I’ve decided to include a little of everything in today’s post. The Hermitage museum is simply one of the most outstanding museums in the world. Only a small percentage of its actual collection is on display because of the enormity of it. Catherine the Great started the art collection that became the basis for the Hermitage, personally collecting thousands of works of art in her lifetime.
The buildings that house the Hermitage are impressive in their own right. The Winter Palace is the best-known, as it was a former residence of the Russian tsars. The walls and ceilings are, in various places, painted, covered in tiles, or gilded. The Hermitage is the only museum I remember visiting where we actually took photos of the floors (beautifully tiled or parqueted).
And the artwork is unbelievable. The Hermitage holds more French artwork than any museum outside of France. The lineup of artists includes da Vinci, Raphael, Rembrandt, el Greco, Titian, Rubens, Michelangelo, Renoir, Picasso, Matisse … and these are just a few of the artists who make up the European painting collection.

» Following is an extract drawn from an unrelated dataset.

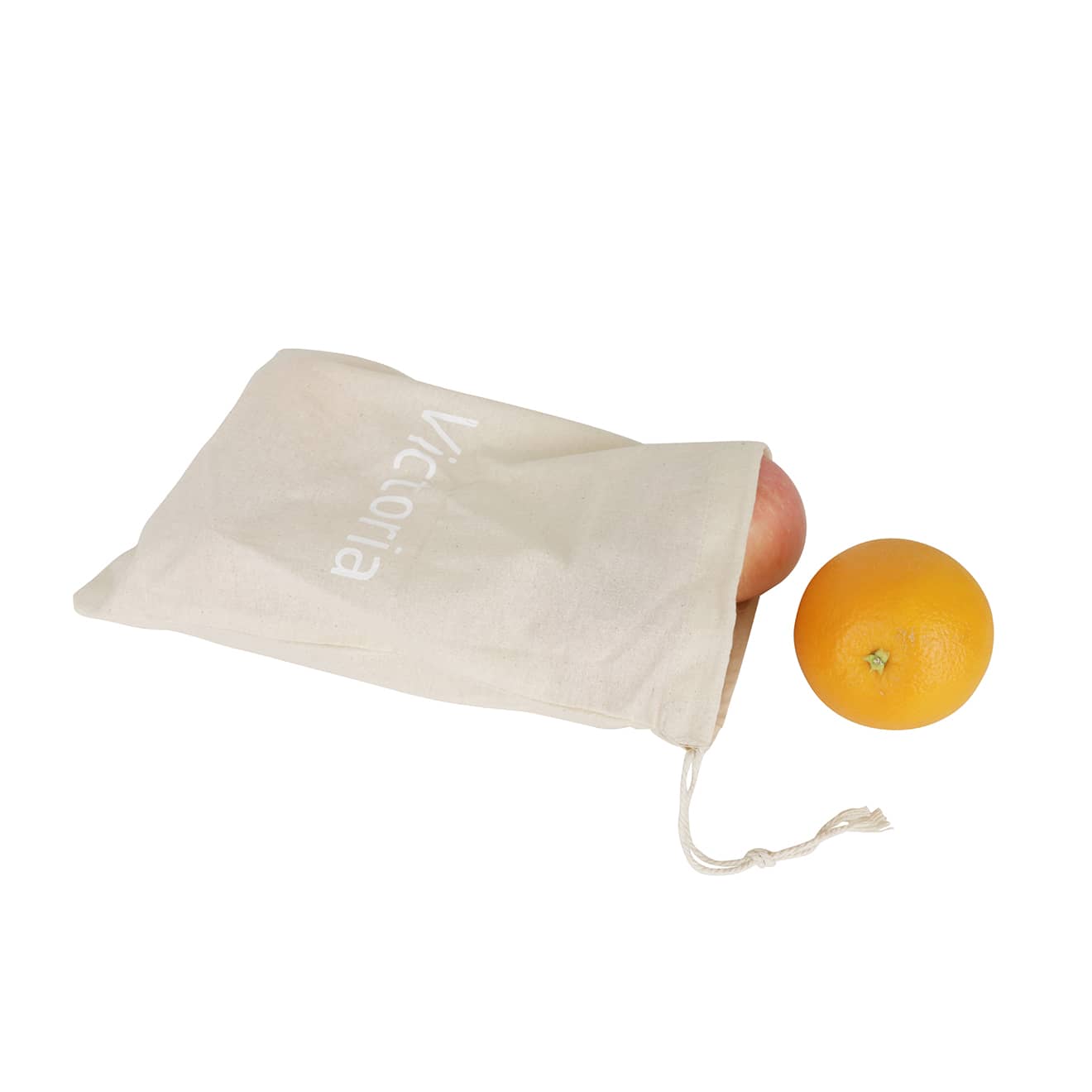 Large Cotton Produce Bag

|“The Holy Family” by Raphael|
I loved everything about the Hermitage museum, but perhaps most of all I loved hearing about how the people of Russia did everything they could to protect the collection in the second world war. The Germans were advancing in 1941, and a group of dedicated artists and volunteers offered their assistance to the professionals at the Hermitage, to evacuate and/or hide as much of the artwork as possible before the siege on the city.
I’ll let the artist Liudmila Ronchevskaya finish the story in her own words:
“We had to hurry. The enemy was approaching the city. The restorers gave permission to cut paintings from their stretchers. That was quicker. But what does it mean – to cut a picture? The artists wouldn’t do it. They cut down on their rest time and sleep.”